You can't expect a cancer-blog to always be reporting good news and I am very sorry that today's report will not be humorous or presenting good progress.

On Wednesday (1/22), I went to Boston for a day of tests to confirm my readiness for stem cell harvest. I had been looking at this as a formality of sorts since I had been told that the therapy I have been getting ("RVD") was nearly 100% effective in bringing MM into remission. Unfortunately, I flunked the test. My MM may have been knocked back by "RVD", but it appears that the disease did not stay knocked down for long. In addition to bad blood chemistry, there has also been additional bone deterioration in my spine.

Needless to say, this is a fairly major setback.

The doctors did not sound all that dismayed by this news. (I think they are trained to never sound dismayed.) Their attitude was, "Well - this happens sometimes and there are other treatments we can try that are usually highly effective under these conditions." I am sure what they are telling us is factually true, but still this is a big disappointment. I had always figured we would get to the point where "RVD" would stop being effective, but I had hoped that time would be as much as 3 - 10 years in the future and that in the meantime, I would be able to hike and chop wood and ski and lead a pretty normal life.

This also means that I have been kicked off the Clinical Trial. The good news is that while I will keep my Dana Farber oncologists, I can get most of my chemo in Hookset, NH - which is one hour from Meredith. We are not sure what this means relative to the Westboro place (Foxdown Abbey), but we plan to go ahead with the purchase. Hookset is almost exactly half-way in between the two towns; perhaps we will still spend half time in each place.

On Wednesday and Thursday, I was pretty depressed about this development, but I am back to taking things one day at a time. This development probably means that my survival prospects are not as good as they had been, but dwelling on that will not help matters. I am trying to get the most out of each day.

At this point, I have been off of chemo for three weeks and the chemo side effects are pretty much gone. It is great to have my sense of taste back and to be able to enjoy my food for a while. It is also good to have my brain back to normal - for me that is. I had not realized how much I had been affected with "motor mouth syndrome" (Chemo Brain?).  A holiday card that I had sent came back as undeliverable and I could see from the address that I had had a lot of difficulty actually hand writing it.

On the other hand, I think that the cancer has been doing some additional bone damage as it has come back.
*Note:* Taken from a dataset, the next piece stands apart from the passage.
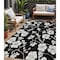 Homeroots 5' X 8' Black Ivory And Gray Floral Washable Indoor Outdoor Area Rug 599863 - alternate 1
I have a low-grade pain in my back that as been increasing over the last few weeks and another pain in the lower ribs on my right side. Neither is very bad and I am hoping to knock that down with chemo that starts next week. These get worse as the day goes on and they limit what and how much I can do physically. It does bother me a bit trying to sleep, since it hurts more when I am lying down than when I am sitting. The good news is that I can get a reasonably good night's sleep by carefully finding a position that is pain free. And I can do this without taking any medication. I really am quite content as long as I can do that.

So that is the summary of where things are. I am sorry I can't report more positive developments, but things are what they are and I promised to keep you informed, so there it is. I will let you know more as I know more. 

Tuesday, January 14, 2014

Mid-Break Report

I have been on break from Chemo for the past two weeks and I thought I would post a "mid break" update - even though there is not much new to report. I guess that's good news.

I am feeling pretty good and my energy level is better than is has been. A couple of days ago, I lit a fire in the wood-stove to heat up our detached garage/workshop and spent a couple of hours with my tractor partner putting chains on the tractor. He did most of the heavy lifting, but I was able to help a good bit and thus avoid feeling totally helpless.

As I have said previously, I have not suffered terrible side-effects from my chemo treatments for which I am grateful. But still, there have been a few. And as s a naturally curious person, these have been very interesting to me.

The most interesting side-effect has been the loss of part of my sense of taste - but only part. I have a lot of trouble tasting salt. I had no idea how important salt is to the taste of almost everything we eat. I first noticed it when I was having a slice of toast and butter. It sure looked good, but it tasted like toast and lard. I find myself looking at a luscious meal and thinking about how great it is going to taste. You don't forget what stuff should taste like and you really anticipate what it is going to taste like and the disappointment is amazing. When we go out to eat and the server asks, "How is everything?", I am thinking - "Why are you asking ME? How would I know?" But I just smile and say, "Great!". It is also difficult when I am cooking and the recipe says, "Season to taste". Like - how am I supposed to do that?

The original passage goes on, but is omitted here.